Assignment: Under this line are records; the part from the line containing "9045 Rosemary Ave, Saint" through the line containing "Skleněné přesýpací hodiny" should be repeated exactly. Please exclude pictures.

(Input for this task)

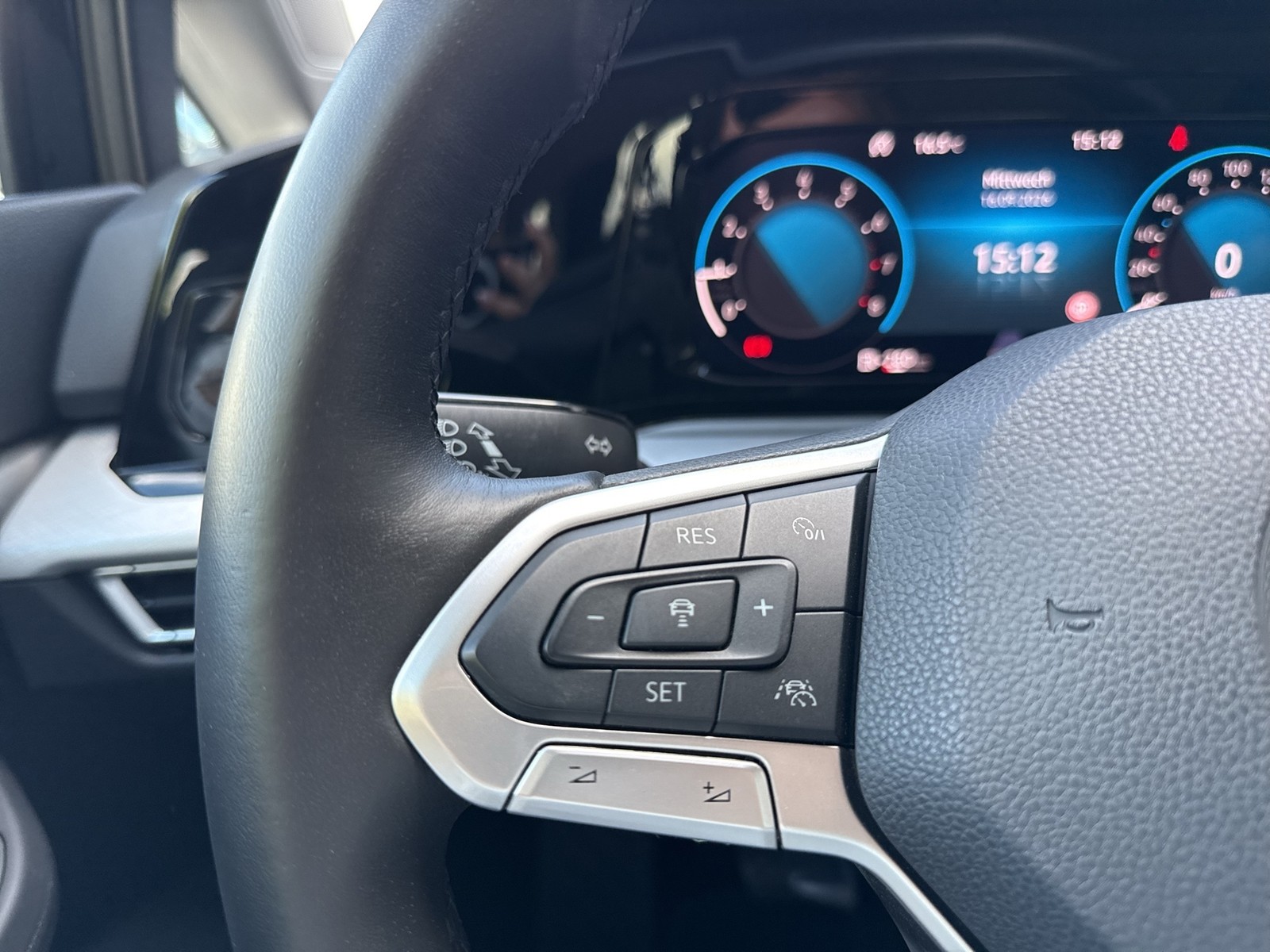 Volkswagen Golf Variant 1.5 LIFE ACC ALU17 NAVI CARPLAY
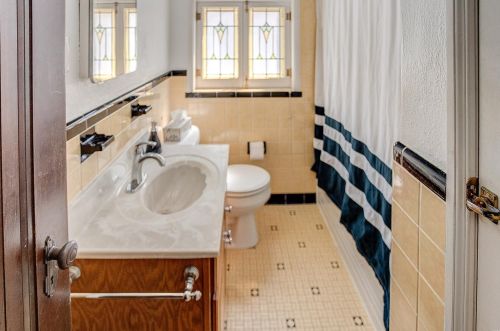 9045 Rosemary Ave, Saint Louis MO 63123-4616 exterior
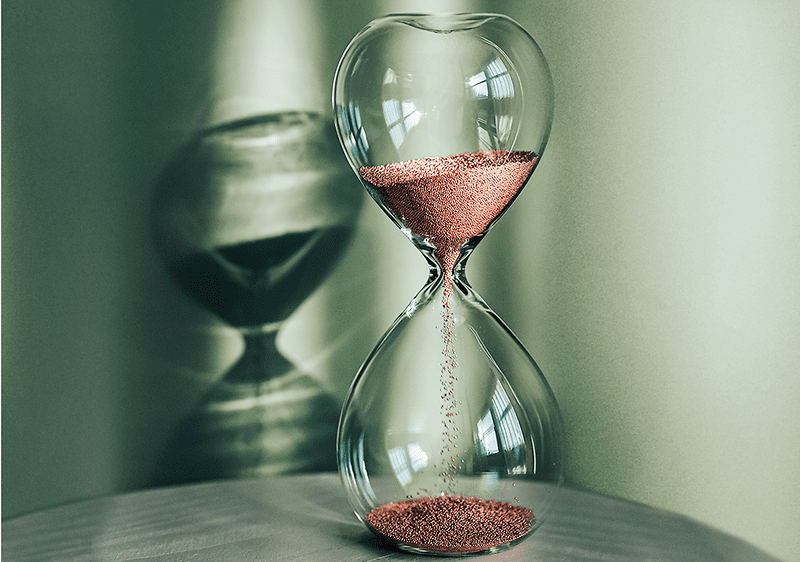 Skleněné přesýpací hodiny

(End Input for this task)
(Input for this task)

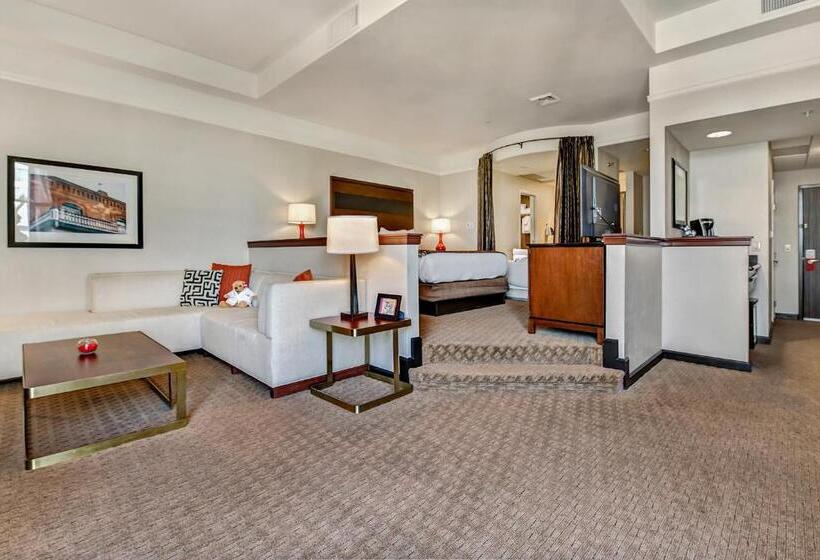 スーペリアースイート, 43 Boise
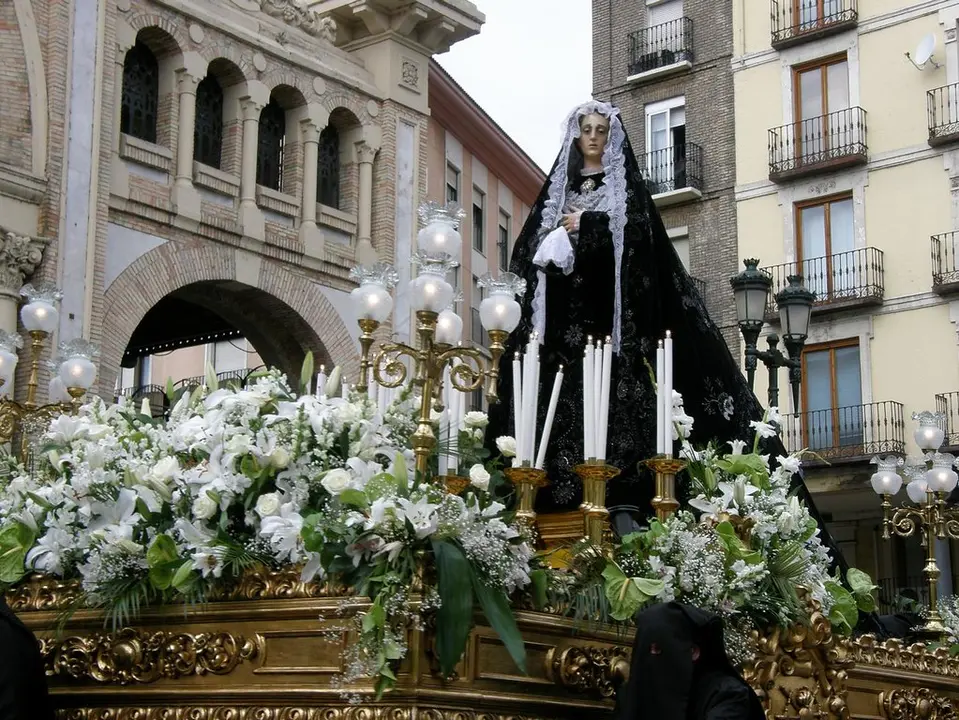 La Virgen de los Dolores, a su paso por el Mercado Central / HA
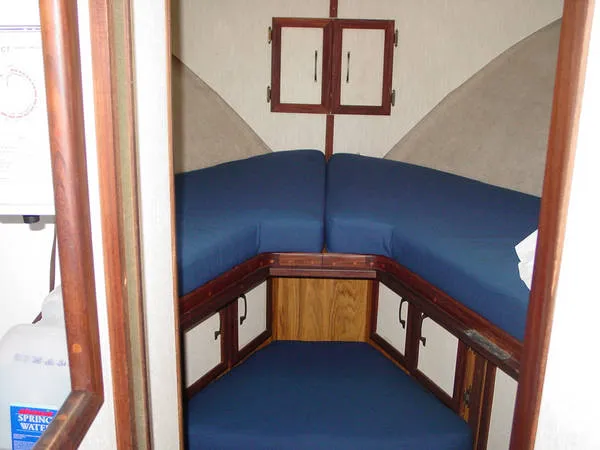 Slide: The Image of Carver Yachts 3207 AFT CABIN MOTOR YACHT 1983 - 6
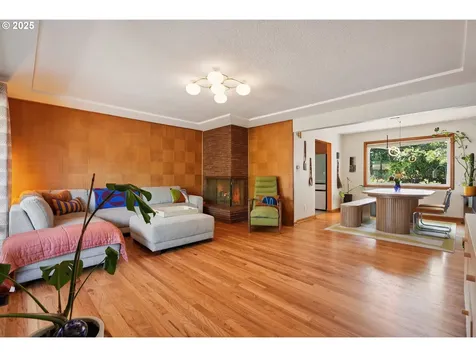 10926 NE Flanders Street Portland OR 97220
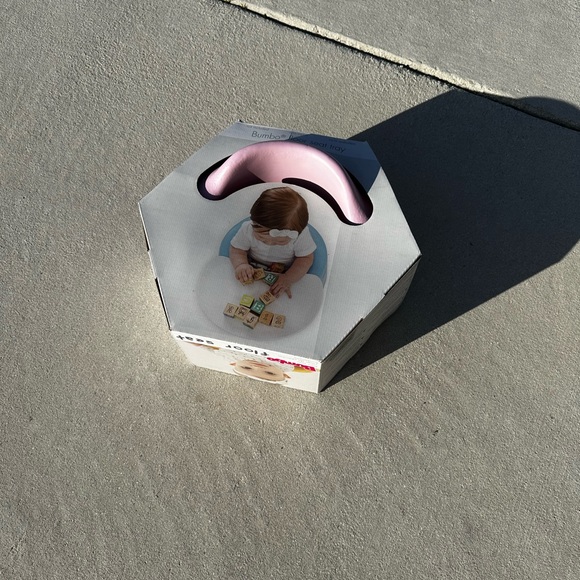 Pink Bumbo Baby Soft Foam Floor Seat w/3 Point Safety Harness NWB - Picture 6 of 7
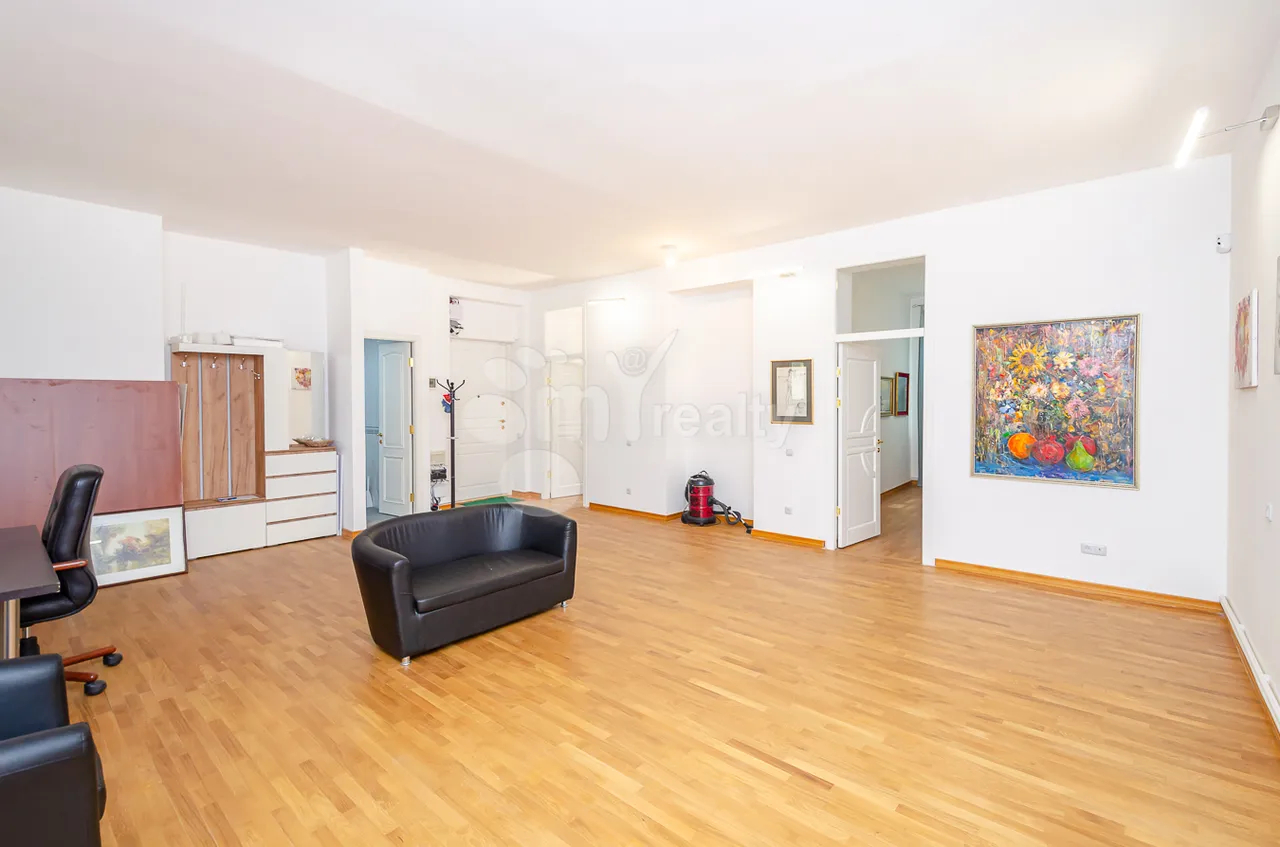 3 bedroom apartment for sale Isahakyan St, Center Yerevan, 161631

(End Input for this task)

Your response:
 9045 Rosemary Ave, Saint Louis MO 63123-4616 exterior
 Skleněné přesýpací hodiny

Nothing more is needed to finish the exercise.